Write out, word for word, the line that contains "FWERDG Cute Couch" and each line after it down to the last line of the data below. Include nothing more.
╭─ Supplied records
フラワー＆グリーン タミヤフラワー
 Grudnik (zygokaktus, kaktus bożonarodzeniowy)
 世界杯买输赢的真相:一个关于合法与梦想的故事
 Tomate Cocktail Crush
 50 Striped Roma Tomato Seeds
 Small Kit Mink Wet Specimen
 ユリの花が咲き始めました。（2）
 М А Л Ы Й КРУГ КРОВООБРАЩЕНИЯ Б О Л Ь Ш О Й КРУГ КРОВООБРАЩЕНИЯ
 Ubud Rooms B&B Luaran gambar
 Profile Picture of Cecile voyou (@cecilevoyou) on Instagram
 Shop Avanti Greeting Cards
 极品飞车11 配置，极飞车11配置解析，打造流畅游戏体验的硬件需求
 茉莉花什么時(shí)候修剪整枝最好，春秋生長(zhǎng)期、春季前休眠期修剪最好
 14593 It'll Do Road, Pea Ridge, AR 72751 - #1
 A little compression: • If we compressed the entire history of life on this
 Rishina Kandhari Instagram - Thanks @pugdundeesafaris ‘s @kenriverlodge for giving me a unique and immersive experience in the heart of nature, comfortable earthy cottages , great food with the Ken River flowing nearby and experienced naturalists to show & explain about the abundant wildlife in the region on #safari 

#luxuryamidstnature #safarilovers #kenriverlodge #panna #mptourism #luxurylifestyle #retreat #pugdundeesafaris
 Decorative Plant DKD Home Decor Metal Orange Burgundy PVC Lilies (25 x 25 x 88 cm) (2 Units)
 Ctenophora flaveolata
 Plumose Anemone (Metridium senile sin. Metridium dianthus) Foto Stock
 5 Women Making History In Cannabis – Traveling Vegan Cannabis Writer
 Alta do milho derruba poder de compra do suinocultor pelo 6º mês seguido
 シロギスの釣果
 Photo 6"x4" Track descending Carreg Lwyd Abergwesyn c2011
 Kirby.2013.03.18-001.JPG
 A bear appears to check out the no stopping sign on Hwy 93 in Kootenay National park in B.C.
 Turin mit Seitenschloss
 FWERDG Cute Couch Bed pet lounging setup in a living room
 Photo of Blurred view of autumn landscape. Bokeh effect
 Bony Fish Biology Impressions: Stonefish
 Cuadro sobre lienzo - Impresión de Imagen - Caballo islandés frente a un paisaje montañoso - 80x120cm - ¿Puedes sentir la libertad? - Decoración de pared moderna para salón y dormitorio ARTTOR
╰─
Solved exercise:
 FWERDG Cute Couch Bed pet lounging setup in a living room
 Photo of Blurred view of autumn landscape. Bokeh effect
 Bony Fish Biology Impressions: Stonefish
 Cuadro sobre lienzo - Impresión de Imagen - Caballo islandés frente a un paisaje montañoso - 80x120cm - ¿Puedes sentir la libertad? - Decoración de pared moderna para salón y dormitorio ARTTOR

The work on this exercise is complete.